Em todas estas propostas de conversão à Vontade de Deus, que João Batista proclama, havia sempre uma referência aos comportamentos para com o próximo. 

Na pregação de João Batista ficava claro que a conversão, isto é, o voltarmo-nos para Deus, passava sempre pela mudança dos gestos e atitudes para com o próximo, «Amai o próximo nas circunstâncias concretas das vossas vidas!». 

E se nós fizéssemos um jogo com um amigo ou num pequeno grupo de amigos ou em família? 

«Que devemos fazer?» perguntaríamos nós e o parceiro ou parceiros do jogo responderiam, no estilo de João Batista, sugerindo-nos ao menos uma proposta concreta de mudança na família ou no trabalho. 
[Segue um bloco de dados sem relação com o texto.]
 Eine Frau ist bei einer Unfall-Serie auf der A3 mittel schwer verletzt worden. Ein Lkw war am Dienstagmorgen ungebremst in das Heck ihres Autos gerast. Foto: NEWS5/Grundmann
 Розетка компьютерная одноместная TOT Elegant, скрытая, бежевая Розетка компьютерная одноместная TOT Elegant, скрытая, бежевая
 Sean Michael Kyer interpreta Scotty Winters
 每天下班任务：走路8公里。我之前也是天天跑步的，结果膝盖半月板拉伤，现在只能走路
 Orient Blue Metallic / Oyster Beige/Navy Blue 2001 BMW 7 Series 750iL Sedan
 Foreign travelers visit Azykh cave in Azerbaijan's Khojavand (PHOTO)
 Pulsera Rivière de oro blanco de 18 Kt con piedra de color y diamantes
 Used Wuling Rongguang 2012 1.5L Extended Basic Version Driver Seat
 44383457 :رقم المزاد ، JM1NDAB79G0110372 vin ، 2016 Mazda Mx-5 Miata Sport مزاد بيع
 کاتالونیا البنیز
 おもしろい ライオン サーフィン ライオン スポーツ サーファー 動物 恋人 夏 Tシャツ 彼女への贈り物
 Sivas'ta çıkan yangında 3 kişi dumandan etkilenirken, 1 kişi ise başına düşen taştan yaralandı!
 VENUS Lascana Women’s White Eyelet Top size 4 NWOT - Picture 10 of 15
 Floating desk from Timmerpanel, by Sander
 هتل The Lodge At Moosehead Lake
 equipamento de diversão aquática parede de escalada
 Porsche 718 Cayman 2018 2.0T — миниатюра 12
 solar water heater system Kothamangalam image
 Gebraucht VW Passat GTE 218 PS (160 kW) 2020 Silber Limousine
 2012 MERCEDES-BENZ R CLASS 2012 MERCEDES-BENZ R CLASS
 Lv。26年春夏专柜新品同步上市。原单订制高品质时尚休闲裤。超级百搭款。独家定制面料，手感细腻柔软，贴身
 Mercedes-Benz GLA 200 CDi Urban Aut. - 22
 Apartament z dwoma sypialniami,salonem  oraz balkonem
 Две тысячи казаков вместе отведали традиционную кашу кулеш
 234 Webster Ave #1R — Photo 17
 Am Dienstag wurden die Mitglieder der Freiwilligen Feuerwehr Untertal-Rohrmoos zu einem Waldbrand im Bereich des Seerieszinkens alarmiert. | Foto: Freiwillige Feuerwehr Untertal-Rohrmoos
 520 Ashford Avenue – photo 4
E os «Joões Batistas» iam rodando. 

Se este jogo não vos seduzir ou não vos for possível de realizar, podemos imaginar o que é que João Batista nos iria propor quando lhe perguntássemos «Que devemos fazer?» 

Teríamos assim um bom tema para um tempo de oração. 

João Batista, na sua pregação e nos batismos que realizava, anunciava a chegada d’Aquele-Que-Vem e diz que nem sequer é digno de desatar as correias das suas sandálias. 

Desatar as correias das sandálias, descalçar e lavar os pés de quem chegava a casa era uma tarefa tão humilhante, que nem sequer os escravos israelitas a deviam fazer, mas apenas os escravos pagãos. 

João Batista anuncia que há uma Presença nova entre eles, é a Presença d'Aquele-Que-Vem, trazendo o Espírito que dá a Vida verdadeira e eterna, plena de Amor.

Com essa Presença tão próxima, devemos «Alegrar-nos sempre no Senhor!» como escreve, cheio de entusiasmo, o apóstolo Paulo aos cristãos de Filipos (FL 4,4-7).

A liturgia procura fazer-nos reviver este entusiasmo! 

É por tudo isto, e não é pouco, que este Domingo III do Advento é chamado «Domingo laetare››, o «Domingo da alegria». 

Que esta alegria esteja de verdade nos nossos corações.